Daily Reading: Job 24-28

 

Job 24:24

They are exalted for a little while, but are gone and brought low; they are taken out of the way as all other, and cut off as the tops of the ears of corn.

 

Throughout the discourses of Job with his friends one reoccurring thought is communicated by those friends. They seem to stress the point that God is and will punish all evildoers, hypocrites, and sinners in this life. Like so many things in Scripture this is a half-truth. It is true that God will ultimately judge wrongdoers with the justice of His Word, but largely this is in the afterlife. On this earth, the Lord oftentimes allows those in the wrong to continue as if there were no repercussions for their wrongness.

 

Job challenges the notion of immediate and earthly judgment of God falling upon sinners. He states: They are exalted for a little while… For a little while those who reject God, His Word, and His person may face no reprisals, but only for a while.
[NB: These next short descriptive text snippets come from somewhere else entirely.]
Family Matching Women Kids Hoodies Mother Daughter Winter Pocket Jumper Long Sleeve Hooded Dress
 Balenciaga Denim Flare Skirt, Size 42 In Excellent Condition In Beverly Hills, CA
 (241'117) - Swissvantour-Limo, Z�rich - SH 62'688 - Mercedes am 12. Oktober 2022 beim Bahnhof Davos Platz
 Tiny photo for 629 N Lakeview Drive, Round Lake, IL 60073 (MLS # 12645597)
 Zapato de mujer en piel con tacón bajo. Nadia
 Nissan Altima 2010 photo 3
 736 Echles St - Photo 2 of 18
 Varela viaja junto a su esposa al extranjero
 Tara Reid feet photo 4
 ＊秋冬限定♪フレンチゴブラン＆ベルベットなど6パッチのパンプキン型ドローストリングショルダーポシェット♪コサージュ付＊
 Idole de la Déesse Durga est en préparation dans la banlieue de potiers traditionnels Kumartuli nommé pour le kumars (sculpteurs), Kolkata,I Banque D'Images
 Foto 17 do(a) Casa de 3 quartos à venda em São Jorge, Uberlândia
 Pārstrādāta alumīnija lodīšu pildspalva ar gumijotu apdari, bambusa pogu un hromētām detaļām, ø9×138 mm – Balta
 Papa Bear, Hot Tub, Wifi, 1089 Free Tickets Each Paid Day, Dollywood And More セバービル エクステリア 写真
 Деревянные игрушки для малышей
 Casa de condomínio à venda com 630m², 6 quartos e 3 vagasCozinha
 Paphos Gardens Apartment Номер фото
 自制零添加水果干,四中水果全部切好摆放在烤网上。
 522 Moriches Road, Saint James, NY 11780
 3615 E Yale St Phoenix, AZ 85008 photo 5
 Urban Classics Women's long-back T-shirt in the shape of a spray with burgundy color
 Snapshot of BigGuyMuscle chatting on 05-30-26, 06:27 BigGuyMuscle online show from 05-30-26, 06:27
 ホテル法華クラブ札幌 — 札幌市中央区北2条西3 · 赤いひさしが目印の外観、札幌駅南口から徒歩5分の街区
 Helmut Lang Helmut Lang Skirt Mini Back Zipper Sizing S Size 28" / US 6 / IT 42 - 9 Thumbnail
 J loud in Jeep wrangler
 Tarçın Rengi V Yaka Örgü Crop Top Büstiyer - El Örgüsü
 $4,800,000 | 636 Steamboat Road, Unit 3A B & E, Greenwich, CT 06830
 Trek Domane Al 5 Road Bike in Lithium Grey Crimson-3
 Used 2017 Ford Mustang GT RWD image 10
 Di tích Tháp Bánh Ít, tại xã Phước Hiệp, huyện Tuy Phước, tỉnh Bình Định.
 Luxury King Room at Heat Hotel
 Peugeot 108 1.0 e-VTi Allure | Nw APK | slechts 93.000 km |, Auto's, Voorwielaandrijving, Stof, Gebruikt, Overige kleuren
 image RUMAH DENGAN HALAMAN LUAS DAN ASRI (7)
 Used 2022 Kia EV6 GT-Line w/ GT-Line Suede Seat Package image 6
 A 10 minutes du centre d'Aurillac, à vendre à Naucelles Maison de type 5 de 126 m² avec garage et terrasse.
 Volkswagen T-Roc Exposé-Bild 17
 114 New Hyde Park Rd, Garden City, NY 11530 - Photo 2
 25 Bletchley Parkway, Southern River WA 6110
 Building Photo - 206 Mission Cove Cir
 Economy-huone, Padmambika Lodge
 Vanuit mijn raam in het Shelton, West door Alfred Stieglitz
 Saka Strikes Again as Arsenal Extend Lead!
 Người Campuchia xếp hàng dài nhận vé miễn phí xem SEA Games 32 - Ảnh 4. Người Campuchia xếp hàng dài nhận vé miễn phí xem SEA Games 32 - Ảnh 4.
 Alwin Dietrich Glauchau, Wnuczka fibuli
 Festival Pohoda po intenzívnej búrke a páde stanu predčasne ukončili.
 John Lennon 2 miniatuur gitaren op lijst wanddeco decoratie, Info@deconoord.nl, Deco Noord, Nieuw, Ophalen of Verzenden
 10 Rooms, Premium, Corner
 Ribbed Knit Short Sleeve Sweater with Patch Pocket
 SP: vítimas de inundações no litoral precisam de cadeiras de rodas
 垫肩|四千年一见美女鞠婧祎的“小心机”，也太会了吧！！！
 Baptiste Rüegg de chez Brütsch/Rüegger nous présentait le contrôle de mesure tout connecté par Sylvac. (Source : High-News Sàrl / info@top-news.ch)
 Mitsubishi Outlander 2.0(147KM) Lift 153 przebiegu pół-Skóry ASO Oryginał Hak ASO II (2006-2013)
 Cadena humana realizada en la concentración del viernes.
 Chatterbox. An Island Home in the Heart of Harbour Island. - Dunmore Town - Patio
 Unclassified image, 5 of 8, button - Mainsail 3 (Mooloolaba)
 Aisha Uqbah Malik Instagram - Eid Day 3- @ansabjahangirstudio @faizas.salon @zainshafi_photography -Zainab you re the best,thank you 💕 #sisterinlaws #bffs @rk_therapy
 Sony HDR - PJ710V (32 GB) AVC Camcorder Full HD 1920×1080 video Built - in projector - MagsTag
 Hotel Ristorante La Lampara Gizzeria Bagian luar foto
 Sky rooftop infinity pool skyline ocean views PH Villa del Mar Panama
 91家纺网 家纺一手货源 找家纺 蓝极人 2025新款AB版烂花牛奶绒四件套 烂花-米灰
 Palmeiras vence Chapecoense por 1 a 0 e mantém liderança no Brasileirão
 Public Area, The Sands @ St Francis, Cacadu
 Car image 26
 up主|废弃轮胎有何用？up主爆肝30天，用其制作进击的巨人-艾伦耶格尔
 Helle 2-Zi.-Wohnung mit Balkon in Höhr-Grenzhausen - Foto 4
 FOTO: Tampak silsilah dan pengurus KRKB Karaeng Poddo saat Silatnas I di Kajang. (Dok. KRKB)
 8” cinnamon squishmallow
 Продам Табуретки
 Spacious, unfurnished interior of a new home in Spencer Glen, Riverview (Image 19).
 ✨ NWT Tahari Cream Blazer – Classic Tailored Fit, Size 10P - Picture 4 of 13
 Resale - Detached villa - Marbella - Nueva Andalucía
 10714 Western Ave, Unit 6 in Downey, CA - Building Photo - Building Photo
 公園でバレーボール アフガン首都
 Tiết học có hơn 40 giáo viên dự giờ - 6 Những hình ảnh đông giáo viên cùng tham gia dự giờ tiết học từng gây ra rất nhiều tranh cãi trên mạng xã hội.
King David spoke of this when he wrote, For I was envious at the foolish, when I saw the prosperity of the wicked. For there are no bands in their death: but their strength is firm. (Psalm 73:3-4) Solomon wrote of this issue saying, There is a vanity which is done upon the earth; that there be just men, unto whom it happeneth according to the work of the wicked; again, there be wicked men, to whom it happeneth according to the work of the righteous:… (Ecclesiastes 8:14)

 

But, this is a half-truth. The wicked may be exalted for a little while, but all too soon that little while is over. Job’s words continue,. …but are gone and brought low, they are taken out of the way as all other, and cut off as the tops of the ears of corn. At the end, God will deal with the wicked. They may look like they have more than the heart could desire now, but then, upon death, God will deal with their wickedness at the great white throne judgment (Revelation 20:11-15).

 

The phrase “cut off as the tops of the ears of corn” is interesting. To this writer it is like the detasseling of corn. The tassel of the corn stalk is that flowery top of the stalk that contains pollen. The common practice was to detassel (remove) the tassel, drop it on the ground to aid in pollination of future corn crops. This is performed at the time of harvest. Job’s use of the phrase could have one or two meanings. One is that the wicked are cut off from the earth during the proper harvest time, meaning they lead a full life. The other could mean that they are cut off, and dropped to the ground, meaning they have no real value in that they are not producing what would benefit others (i.e., the corn versus the tassel, no one draws sustenance from the tassel). Or, it could be a reference to both.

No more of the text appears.